Your task. Word for word, restate the data that follows, omitting the images.

Data shown.
'''

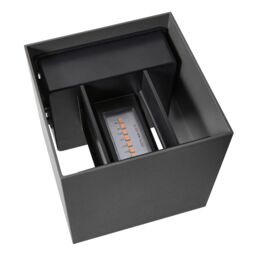 Nordlux Modern Outdoor Wall Light Black Aluminium Intergrated LED Weatherproof - Mains Powered, IP44 - thumbnail 6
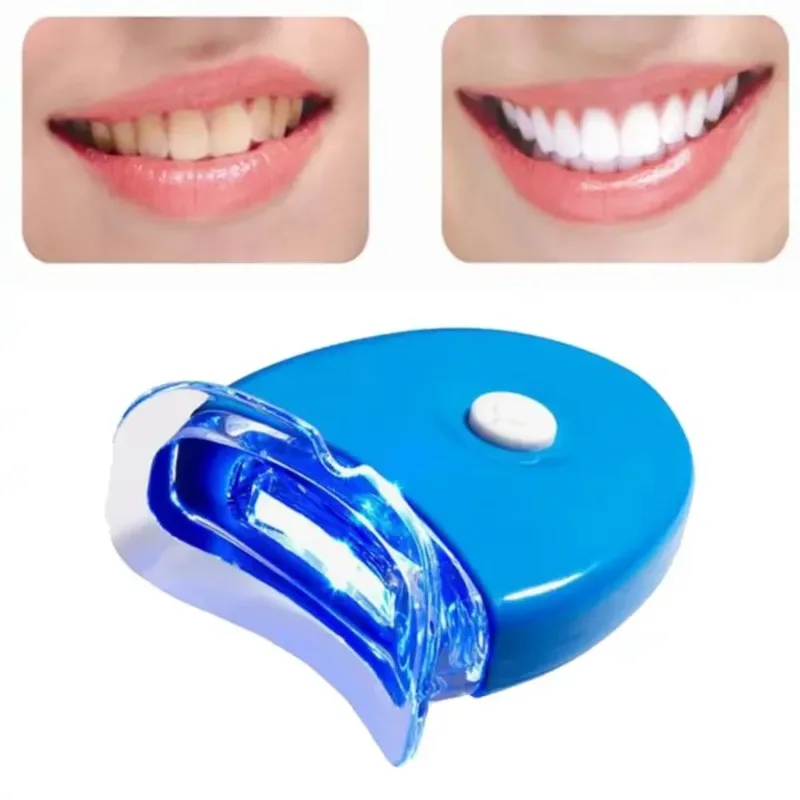 

Mini LED Cold Light Tooth Whitening Kit LED Blue Tooth Whitening System and Oral Gel Pen Teeth Whitening Agent Tools
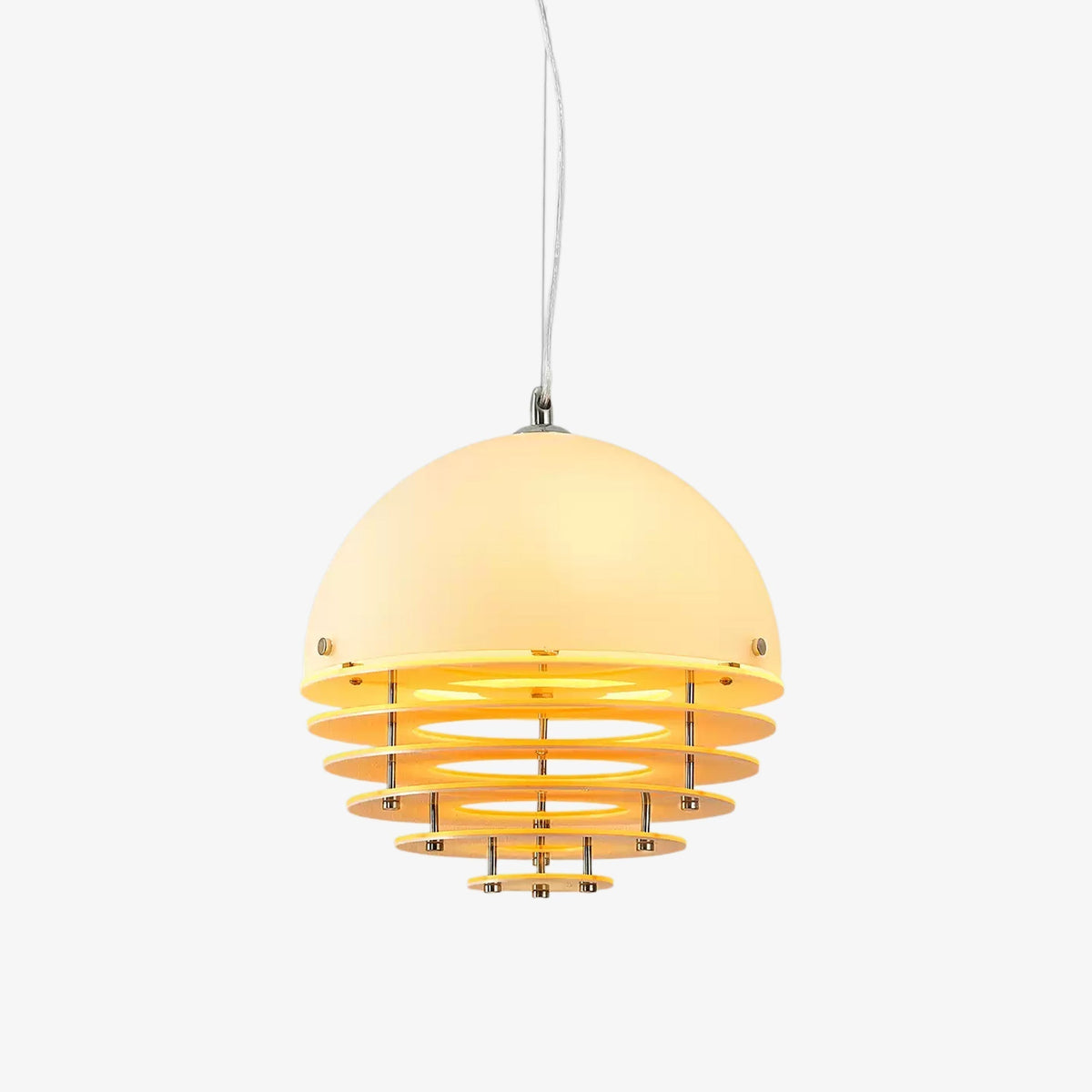 Esme Orange Layered Pendant Lamp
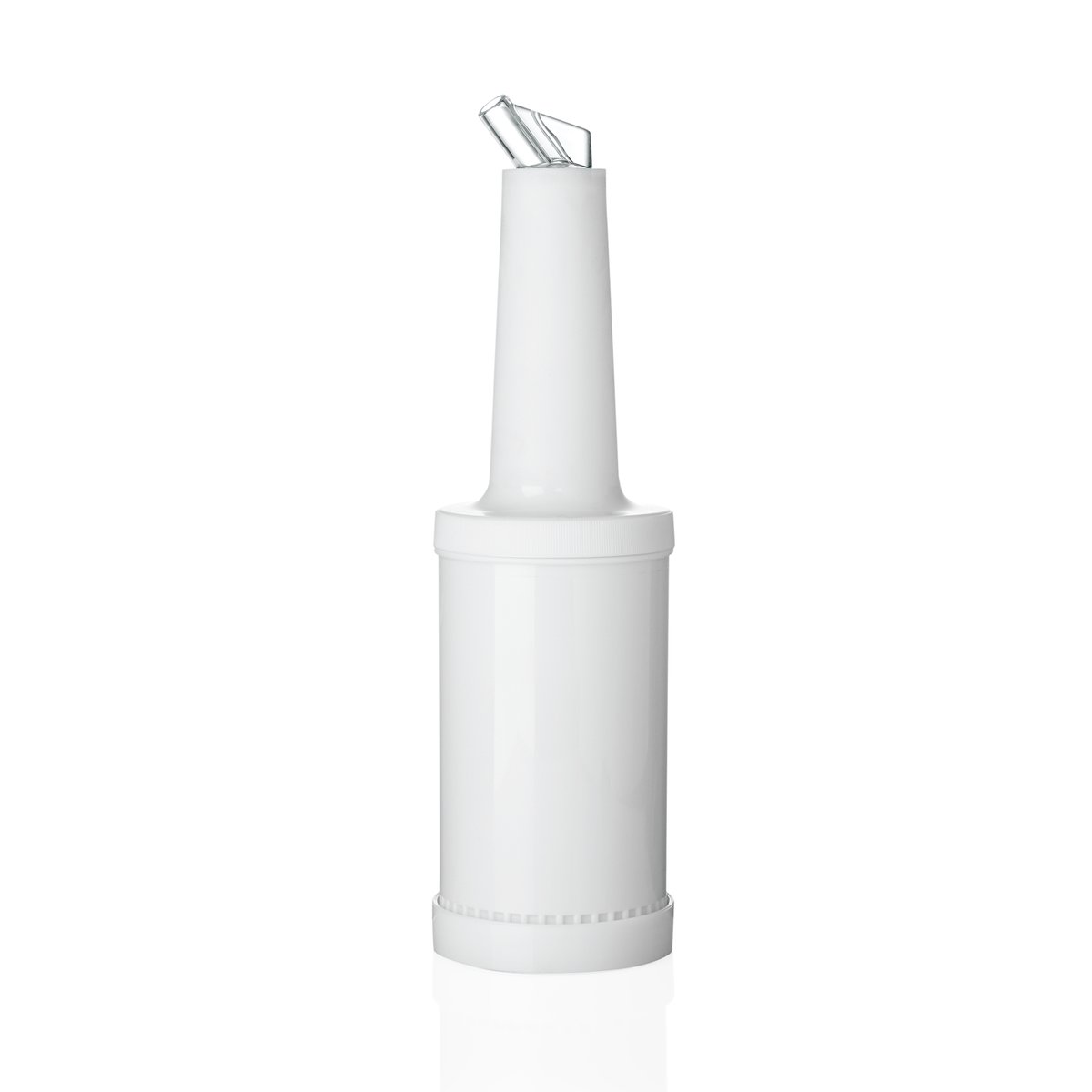 Dosier- und Vorratsflasche 1 L Höhe 32 cm weiss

'''

Solution for this problem.
 Nordlux Modern Outdoor Wall Light Black Aluminium Intergrated LED Weatherproof - Mains Powered, IP44 - thumbnail 6

Mini LED Cold Light Tooth Whitening Kit LED Blue Tooth Whitening System and Oral Gel Pen Teeth Whitening Agent Tools
 Esme Orange Layered Pendant Lamp
 Dosier- und Vorratsflasche 1 L Höhe 32 cm weiss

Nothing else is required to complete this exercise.